三好一男 副代表
(日本代表総監督) |
−今大会の結果を受けての総評をお願いします。
三好 10年前にユースを始めた時は中学生だった島本雄二選手が、見事に優勝をはたしました。彼は1回目の合宿の時から、基本や移動、2人組のペアの稽古でも、つねに試合と同じくらいの動きができていました。昔のユースの総評でも彼を褒めたことがあるんですけど、そのあたりから将来は上り詰めるような選手になるのではないかと思っていました。
−日本が王座を死守し、見事に伝統継承をはたしました。
三好 外国人選手と比べて小さい選手が多かったんですけど、日本の王座を守るんだという気持ちが伝わってくるくらい、全ての選手ががんまりました。

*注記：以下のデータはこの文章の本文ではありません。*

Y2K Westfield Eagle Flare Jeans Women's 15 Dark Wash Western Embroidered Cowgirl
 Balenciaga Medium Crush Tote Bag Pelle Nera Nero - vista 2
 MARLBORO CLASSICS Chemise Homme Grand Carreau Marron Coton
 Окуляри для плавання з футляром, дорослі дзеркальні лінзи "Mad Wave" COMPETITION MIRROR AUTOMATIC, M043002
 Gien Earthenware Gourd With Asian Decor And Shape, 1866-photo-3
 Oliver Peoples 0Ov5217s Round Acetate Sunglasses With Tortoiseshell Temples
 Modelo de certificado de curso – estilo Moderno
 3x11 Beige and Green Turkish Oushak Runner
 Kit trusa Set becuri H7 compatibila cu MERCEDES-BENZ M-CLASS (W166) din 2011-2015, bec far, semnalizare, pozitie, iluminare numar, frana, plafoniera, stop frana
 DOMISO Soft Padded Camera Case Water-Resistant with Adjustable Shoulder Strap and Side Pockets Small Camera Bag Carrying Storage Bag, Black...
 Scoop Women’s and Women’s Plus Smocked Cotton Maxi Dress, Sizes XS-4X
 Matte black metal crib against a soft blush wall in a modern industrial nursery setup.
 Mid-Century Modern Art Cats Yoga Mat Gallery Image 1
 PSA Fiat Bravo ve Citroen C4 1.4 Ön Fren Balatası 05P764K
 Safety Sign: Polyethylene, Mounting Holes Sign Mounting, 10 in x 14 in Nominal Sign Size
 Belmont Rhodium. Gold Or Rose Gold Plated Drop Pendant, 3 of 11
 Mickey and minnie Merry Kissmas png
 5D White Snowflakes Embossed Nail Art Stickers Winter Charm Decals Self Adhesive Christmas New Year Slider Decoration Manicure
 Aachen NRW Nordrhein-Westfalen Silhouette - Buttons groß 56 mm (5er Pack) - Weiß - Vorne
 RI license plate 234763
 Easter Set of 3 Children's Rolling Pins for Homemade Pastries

ユースに始まり、世界大会を成功させるためのプロモーション、事務局の選手たちへのサポートなど、新極真会という組織全体が一丸となって歯車が噛み合ったことが、ベスト8に日本人選手が4人入った要因ではないかと思います。もちろん、島本選手の努力もありますね。彼は立ち上がれないくらいまで稽古をしたと言っていましたから。
−決勝戦は昨年の全日本大会と同じく、島本選手と入来建武選手の日本人対決となりました。
三好 結果的には副審の判定は2-2で割れましたけど、全体的に見ればやはり島本選手のほうが、心技体ともに一歩リードしているなという気はしました。ただ、20歳で決勝まで上がってきた入来選手もすばらしいと思います。良きライバルとして、次の世界チャンピオンを目指すふたりの闘いはおもしろいと思います。
−前田勝汰選手がヴァレリー・ディミトロフ選手に勝利したことも、大きかったと思います。
三好 前田選手のような、小柄で出入りが速くて突きが強いタイプはなかなか外国人選手にはいないので、ヴァレリー選手はやりにくいだろうなとは思ったんです。でも、まさか優勝候補のヴァレリー選手に打ち勝つとは思いませんでした。あれで日本に相当の追い風が吹きましたね。
−女子は16歳の南原朱里選手が決勝へ進出しました。
三好 驚きましたね。南原選手の根性には。大会前にいろいろな人から話を聞きましたが、南原選手があそこまで活躍するという予想は誰もしていませんでした。やはり、福岡支部という土壌だと思います。渡辺大士選手や森健太選手など、いろいろな先輩方に揉まれていることが、大舞台でも緊張せずに自分の力以上のものを出せた要因ではないかと思います。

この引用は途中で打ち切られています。